Weighing half a ton, René of Anjou commissioned it in 1476 for the tomb designed for his entrails. It originally stood on the altarpiece in the Grands-Carmes convent, destroyed in 1792 during the French Revolution, when it was moved to Aix Cathedral in 1808. After a restoration it was reinstalled in the cathedral's Saint-Lazare chapel late in January 2011.

==Description==
===Outer panels===
A trompe-l’œil grisaille on its outer panels shows the Annunciation, with Gabriel and Mary's words inscribed on scrolls in the centre and Gabriel holding an olive branch with twelve olives, a symbol of peace. Opened, the left panel shows René wearing his coats of arms (Hungary, Sicily, Anjou and Aragon), kneeling and wearing the habit of the canons of the Abbey of St Victor. Around him are his patron saints Mary Magdalene, Anthony the Great and Maurice carrying the banner of the Ordre du Croissant, founded by René. Facing him on the right hand panel is his wife Jeanne de Laval, kneeling before her prayer book and backed by John the Apostle, Catherine of Alexandria and Nicholas of Myra.

===Central panel===
This shows the Madonna and Child on the Burning Bush from the Book of Exodus, with Moses in the right foreground looking at the vision. The town in the right background evokes Avignon, whilst the castle on the left may be René's château de Saumur in Anjou. The scene is full of symbols, including the ewes, vegetation, gestures, mirror, clothes, rising sun, river, beasts and colours, along with the rock (a biblical image of God) out of which the bush's twelve fig branches grow. The medallion on the angel's chest shows Adam and Eve, whose original sin was redeemed due to Mary's bearing of Christ.

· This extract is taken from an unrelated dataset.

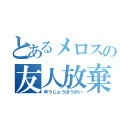 とあるメロスの友人放棄（ゆうじょうほうかい）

A painted frame around the central panel shows the twelve Kings of Judah, with an inscription on the base of the frame which translates as "In the bush which Moses saw burning without being consumed, we recognised, Holy Mother of God, your virginity wondrously preserved". At its top is another inscription which translates as "Whoever finds me will find life and draw salvation from the bosom of God", a free translation of Proverbs 8: 35 alluding to the believers saved by their faith.